The topic will have a statistical and mathematical context. Good knowledge of Matlab/Caffe/Tensorflow/Python programming is plus. Basic knowledge of CV and NLP is also needed.

Topic description

In this project, we plan to address the problem of reasoning the visual question answering process when predicting the answers to the given image/question pairs. This problem solved could serve as a real artificial system to explain how the VQA models think, and provide more convincing answers. The more difficult the questions are, the more complex thinking and more detailed reasoning is needed. In this settings, high-resolution aerial images with labeled question/answer pairs from some available datasets are really suitable for this task, from simple questions such as attribute recognition to hard questions such as vehicle moving activities.

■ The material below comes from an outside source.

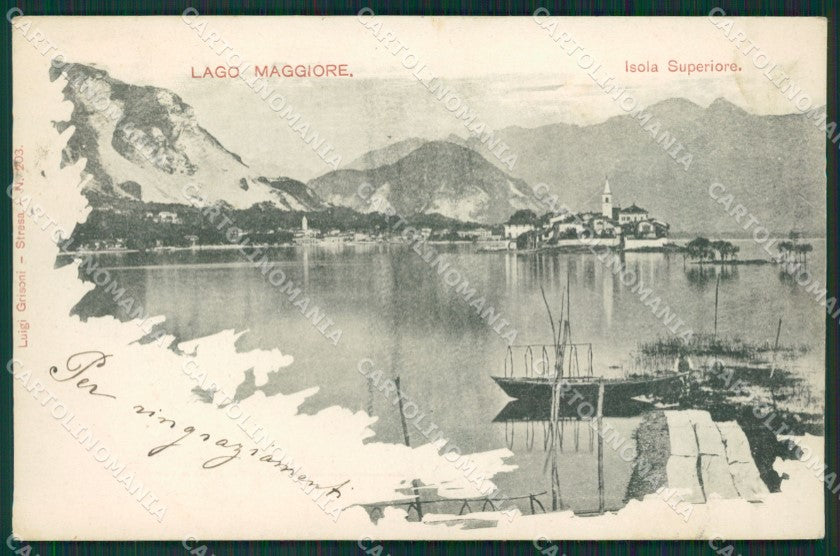 Verbania Stresa Isola Superiore Lago Maggiore cartolina KV4656 – fronte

Topic objectives and methodology

The project will require a well-designed VQA system with the capability of good reasoning, and some knowledge bases for high-level questions with corresponding geo-information. Deep learning will play an important role in this topic, including the techniques from computer vision, natural language processing, and remote sensing. Pre-trained models based on CNN and transformer will be applied to the learning stages.

References for further reading

1. Zellers, R., Bisk, Y., Farhadi, A., & Choi, Y. (2019). From recognition to cognition: Visual commonsense reasoning. In Proceedings of the IEEE/CVF conference on computer vision and pattern recognition (pp. 6720-6731).

2. Cadene, R., Ben-Younes, H., Cord, M., & Thome, N. (2019). Murel: Multimodal relational reasoning for visual question answering. In Proceedings of the IEEE/CVF conference on computer vision and pattern recognition (pp. 1989-1998).

3. Lobry, S., Marcos, D., Murray, J., & Tuia, D. (2020). RSVQA: Visual question answering for remote sensing data. IEEE Transactions on Geoscience and Remote Sensing, 58(12), 8555-8566.

4. Bendre, N., Desai, K., & Najafirad, P. (2021, October). Show why the answer is correct! towards explainable ai using compositional temporal attention. In 2021 IEEE International Conference on Systems, Man, and Cybernetics (SMC) (pp. 3006-3012). IEEE.